**Task statement**. Return exactly the lines of the records below, starting at the line that contains "3.5inch Digital TFT" and ending at the line that contains "6x25mm 雷射測距望遠鏡 (公司貨)", with both of those lines kept.

**Exercise data**.
* * * * *

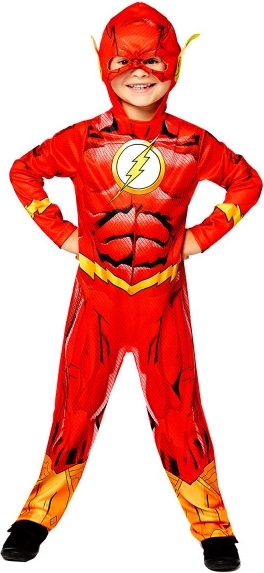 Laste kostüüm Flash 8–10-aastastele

* * * * *

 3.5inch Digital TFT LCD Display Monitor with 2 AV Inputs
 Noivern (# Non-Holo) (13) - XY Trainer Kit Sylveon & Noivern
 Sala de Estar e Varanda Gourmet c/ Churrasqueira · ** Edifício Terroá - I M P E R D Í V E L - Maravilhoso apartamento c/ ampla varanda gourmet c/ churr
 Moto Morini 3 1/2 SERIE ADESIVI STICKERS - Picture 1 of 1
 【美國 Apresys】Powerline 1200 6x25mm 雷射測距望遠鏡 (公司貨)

* * * * *

**Response**.
 3.5inch Digital TFT LCD Display Monitor with 2 AV Inputs
 Noivern (# Non-Holo) (13) - XY Trainer Kit Sylveon & Noivern
 Sala de Estar e Varanda Gourmet c/ Churrasqueira · ** Edifício Terroá - I M P E R D Í V E L - Maravilhoso apartamento c/ ampla varanda gourmet c/ churr
 Moto Morini 3 1/2 SERIE ADESIVI STICKERS - Picture 1 of 1
 【美國 Apresys】Powerline 1200 6x25mm 雷射測距望遠鏡 (公司貨)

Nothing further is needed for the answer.